We are home from the Valiant Lady, our weeklong poker cruise now at an end. With Gary Shteyngart receiving heaps of praise for his (admittedly hilarious) new essay , I feel honor-bound to defend the cruise life from sophists such as he and his condescending coterie of sniggering elites.
I would also like to note that it takes a sniggering elite to come up with the sentence, “I feel honor-bound to defend the cruise life from sophists such as he and his condescending coterie of sniggering elites.” In other words, I am exactly the sort of person who should hate cruises. I do not. If anything, I feel more myself aboard some mammoth oceanic strip mall than I do pretty much anywhere else.
How could that be when I genuinely hate all of the same shipboard activities (jewelry shopping, karaoke, buffets, interacting with old people) when performed on land? Why does the simple addition of salt water transmogrify me from landlubbing curmudgeon to leader of ersatz conga lines?
Why do I like this stupid, stupid activity so very much?
I think it has something to do with walking the gangway. Embarkation and disembarkation are words one only ever hears when used in reference to cruise ships. They are usually conjoined with the word “process” to describe the system each cruise line has in place to ensure the successful boarding and disgorging of great masses of people in as short a time as possible.

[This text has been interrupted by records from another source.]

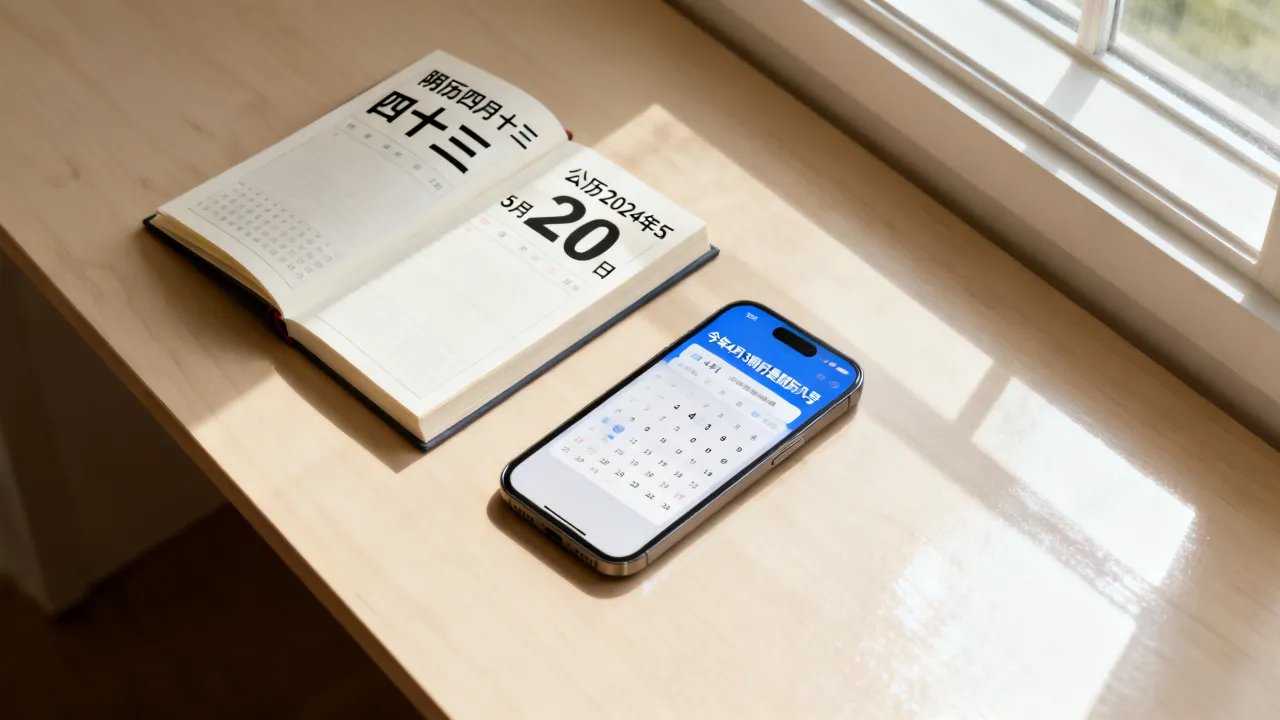 今年4月13阴历是阳历几号,阴历4月13日对应公历多少 今年4月13阴历是阳历几号,阴历4月13日对应公历多少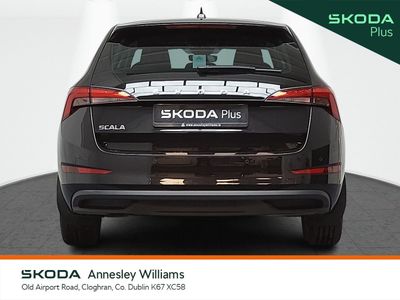 2022 Skoda Scala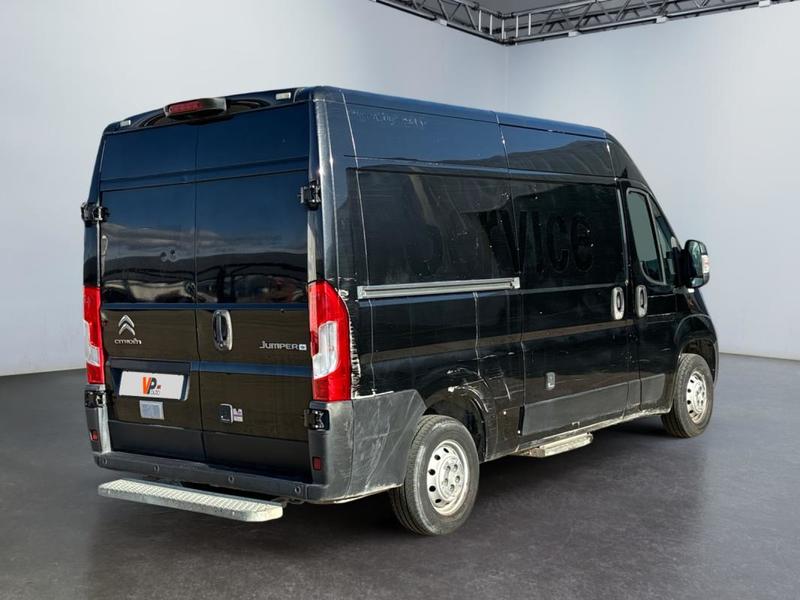 Citroën Jumper Fourgon Tole 35 L2h2 BLUEHDi 165 s&amp;S Bvm6 Driver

Embarking requires weeks of preparation, as one downloads the cruise app and digs through the sock drawer for the passport and boarde a plane and shuttles to the dock and wait in long queues as ship staff inspect documents and take your picture and then passing through security and reassembling in a holding area before finally crossing from land to sea, where one is given a wristband which serves as both ID and wallet for the duration of the voyage. One has no need for a wallet or driver’s license aboard, only the cheery RFID chip affixed by a thin flexible cord to one’s body. Without it, one’s identity is erased. The wristband is life.
Now you have embarked. You have shed the dry flaky skin of the workaday world and emerged, fresh and glistening, as your Sea Self, the one who wears open-toed shoes and has opinions about rum. This Sea Self is a person you may not even recognize.
Now you are free.
Sort of. There remain shadows from land life that must be erased.

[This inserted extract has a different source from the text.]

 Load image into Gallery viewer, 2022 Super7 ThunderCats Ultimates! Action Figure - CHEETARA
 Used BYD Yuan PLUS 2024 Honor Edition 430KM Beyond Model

The first thing one must overcome aboard any cruise ship is white guilt. The staff aboard any boat upon which I have ever ventured tend to be young and gloriously global. One encounters folks from every impoverished nation on the planet and very few of the poverished ones. What are their onboard lives like? Are they overworked? Underpaid? If I were to look into the engine room, would I find a peloton of shirtless men rowing the Valiant Lady around the Caribbean? Am I participating in a system of grotesque capitalistic exploitation? It’s hard, when consuming a key lime gelato served by a tired-looking Malaysian woman at two o’clock in the morning, not to believe so.
On the other hand, the gelato is spectacular!
People always ask about the food aboard the cruise ship. My friend, the comedian Jade Catta-Preta, with whom I performed this past week, described it this way: “The food is really good and also a little bit bad.” Which is exactly correct. I have now been on four or five of these trips and the food is almost always both fully delicious and also a little bit disgusting. I don’t mean that some of the food is like this. All of the food, every bite, is like this. Every single swallow follows the secret cruise formula of three parts yum to one part yuck.
This formula could be equally applied to the totality of the experience. One need only adjust the sliders of “yum” and “yuck” depending on temperament. The shipboard music, for example, which leans heavily on the whomp whomp whomp of techno, is, for me, the reverse: three parts yuck to one part yum. The free retro video arcade, however? All yum.
When cruising, one must also abandon any sense of ecological righteousness. As I said in an earlier column, cruise ships are floating brownfields. They generate terrible amounts of food waste and CO2 emissions.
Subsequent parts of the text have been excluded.